Data section:
-=-=-

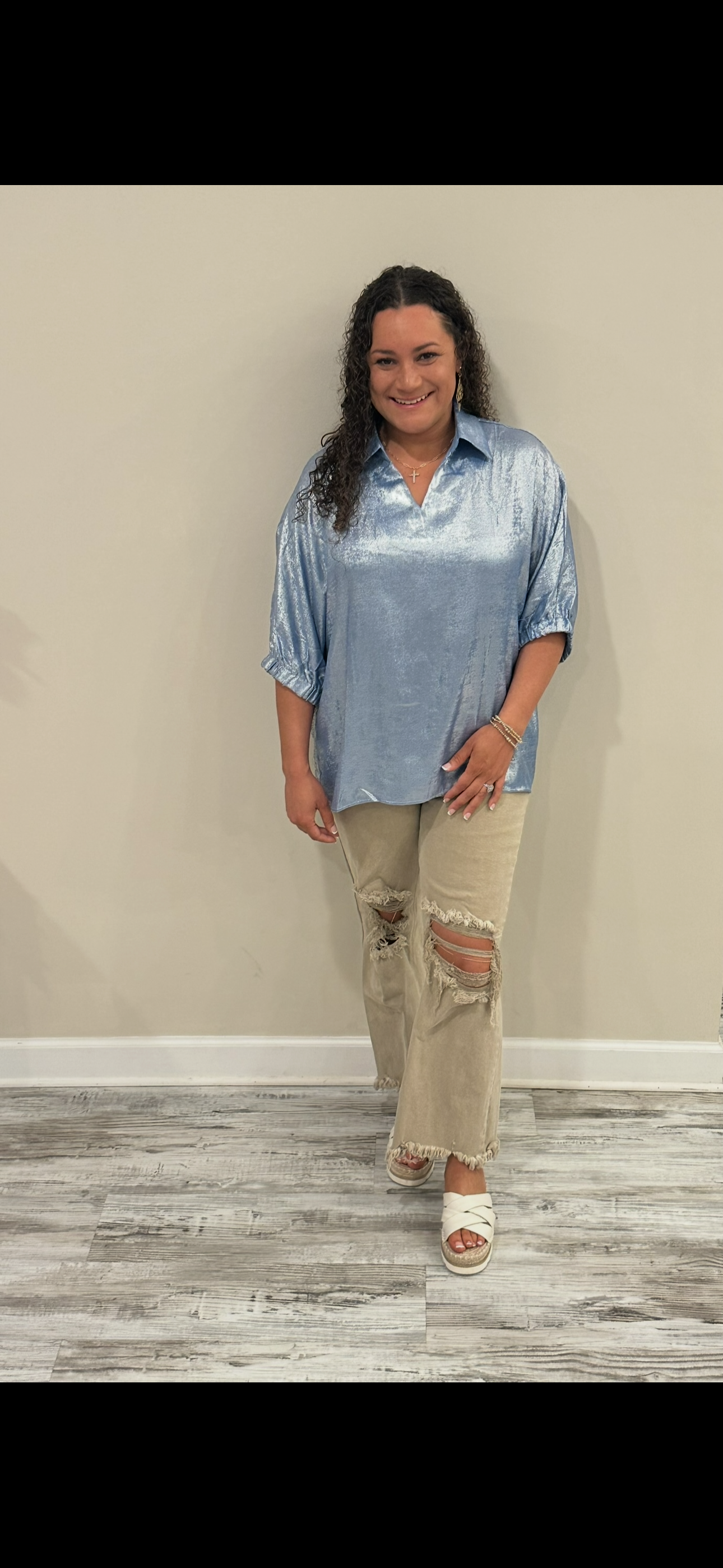 Gracie Blue Top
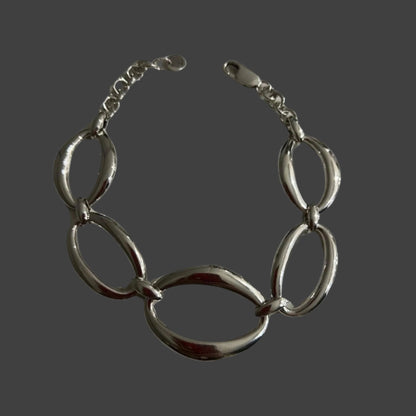 Oval Links Bracelet - Silver Link Bracelet | JJewelryArt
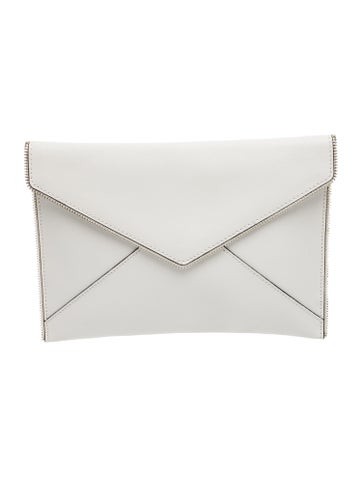 Saffiano Leather Clutch
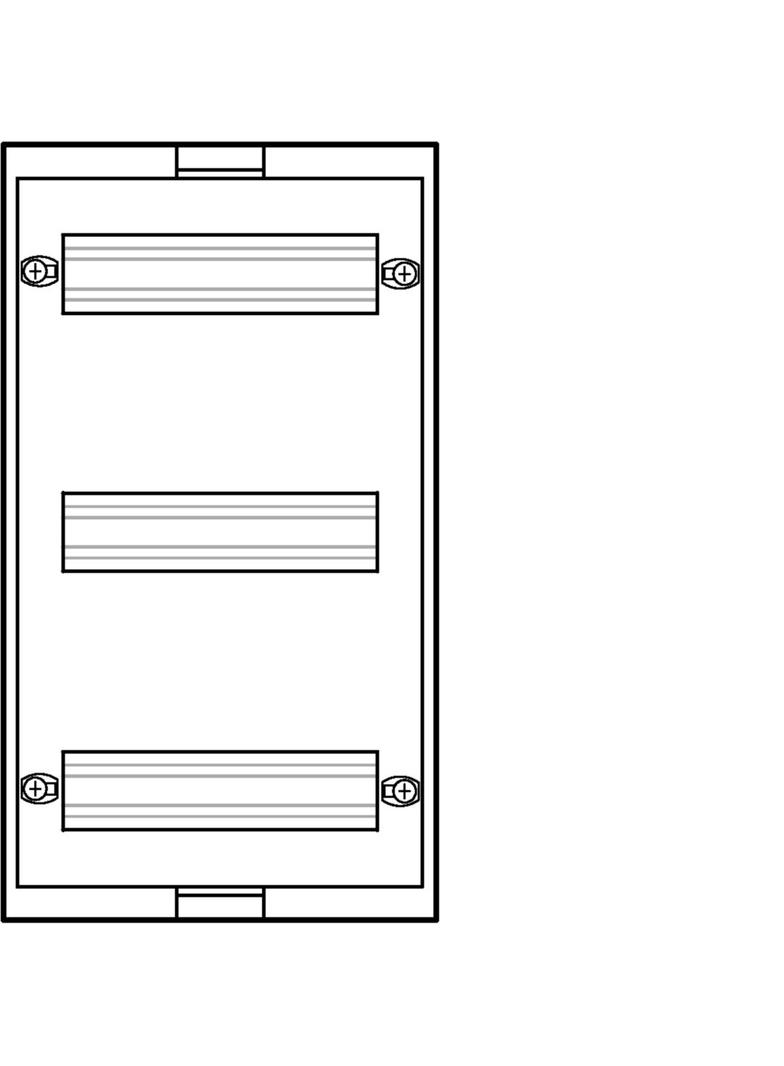 univers N Blok dla aparatów modułowych montowanych poziomo 3x10M 450x250mm UD31B3 HAGER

-=-=-

Instructions for the task: Leave every image out, and retype the material exactly.

Response box:
 Gracie Blue Top
 Oval Links Bracelet - Silver Link Bracelet | JJewelryArt
 Saffiano Leather Clutch
 univers N Blok dla aparatów modułowych montowanych poziomo 3x10M 450x250mm UD31B3 HAGER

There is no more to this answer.